INTERVIEW WITH
VICTORIA LEGRAND
OF BEACH HOUSE

by Andrew Tidball

Beach House are Baltimore based two piece Victoria Legrand and Alex Scully who make dreamy, shimmery ballads. It's not so much melancholic as it is contemplative. Actually, it's quite hard to describe them without resorting to lofty, creatively contradictory metaphors. Victoria described their sound, on their MySpace page as "Visual Visual Visual" -

"I'm responsible for that" she chuckles on the telephone, "I was making a joke of genre as 'visual visual visual' - it's how I feel about music, and writing it, and the way I listen to it - it helps cultivate the imagination."

 

"People always come back to us (when they have heard our music) with y'know, experiences and pictures; so I think that often that's how people hear us - as well as an emotional or sentimental response. Something that they could adapt to their own lives somehow." she explains.

I wonder, then, since Beach House make such beautiful music, what the mist beautiful thing Victoria has seen.

The question puts her off kilter for a moment; perhaps not wanting to bestow the award to just one thing without having time to really think...

"I really enjoy driving through the south west...." she starts, cautiously, "and The white sands in Mexico... and..." she bides her time, "The ocean is beautiful..." before she enthusiastically announces, "Peoples eyes, I've seen some beautiful eyes."

Victoria still works as a bartender to make ends meet; she works in a rowdy Mexican restaurant, she tells me. Perhaps not the first environment I'd expect to find her in "I'm not serious as my music might lead you to believe." she assures me.

"The area I work in in Baltimore is, well I don't want to use the word 'trashy', but I am going to... " she laughs.

You must overhear some pretty funny things?
"Actually yeah, it was at the supermarket near where I work and I heard a mother talking to her twelve year old son about him dating some girl and saying that he was 'pussy-whipped'." she laughs.

Victoria comes from a classical background:
"I was trained in piano from the age of seven and had voice training from the age of 14 till I was 21. I'm really grateful for that training, but now, it's not that I reject it, but I am using it to other things. I'm taking the eductaion and using it to do cooler things than playing other peoples music." she explains.

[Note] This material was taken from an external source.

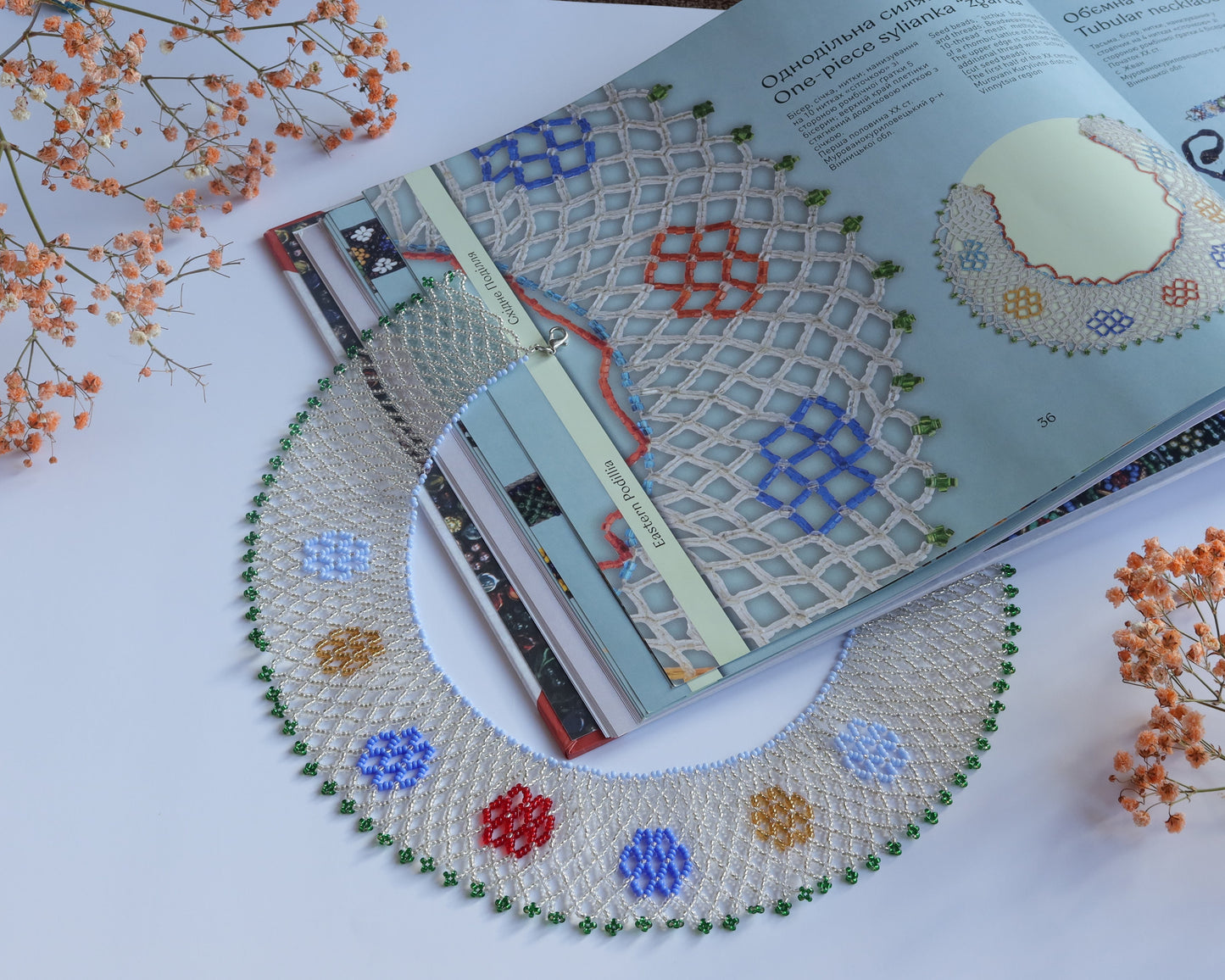 Comely UA Silyanka Zharda beaded necklace, white mesh with red, blue, yellow, and green floral motifs. Replica of historical Ukrainian jewelry.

I wonder what her uncle, famous composer Michel Legrand thinks of her work with Beach House.

"I have no idea. I have no relationship with my uncle. I don't know if he's heard it or not, it makes me kinda sad." she tells me. "I have been tempted," she she says when asked if she's ever just sent him a CD, "but like, he's so rich and famous that I don't even know if he would even listen to it." There's an air of melancholy in her voice and somehow, having only spoken to her for less than five minutes, it seemed rude to push the subject any further.

I turn, instead, to her relationship with Alex.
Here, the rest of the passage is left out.